As a practical matter, statements are likely to wind up on the databases anyway. If a company does not submit its statement, an NGO is likely to do so or it will be found through a website search by the database sponsor. Over the next couple of years, we expect the modern slavery statements of substantially all larger multinationals to be included on third-party transparency databases, since proposed Australian modern slavery legislation (discussed here), which is widely expected to be adopted, contemplates mandatory posting on a Modern Slavery Statements Register.
Submitting to the databases also may have benefits. Companies are more likely to receive credit from data analytics firms for modern slavery compliance efforts, since the disclosure will be easier for them to find.
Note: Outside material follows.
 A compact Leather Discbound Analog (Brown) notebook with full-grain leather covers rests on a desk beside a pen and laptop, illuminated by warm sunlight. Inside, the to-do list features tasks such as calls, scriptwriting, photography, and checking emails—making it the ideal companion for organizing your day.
Information supplied by data analytics firms is increasingly being used by mainstream investors as part of their integration of environmental, social and governance factors into investment decisions. In addition, if the statement is timely, inclusion in the databases will reduce the chances of the company inadvertently being included on a non-compliant list.
However, keep in mind that databases will archive statements for multiple years. This will make it easier for stakeholders to do year-over-year comparisons of statements. For some companies, this will put more pressure on continuous improvement of their modern slavery risk assessments, risk mitigation and other compliance initiatives and related disclosures.
Review Compliance Practices Against UK Government Procurement Expectations. As noted above, the Cabinet Office will require the UK Government’s biggest suppliers to provide data and action plans for how they plan to address key social issues, including modern slavery. Large UK Government suppliers should consider proactively assessing their social compliance programs against the Government’s Supplier Code of Conduct to determine whether enhancements should be made.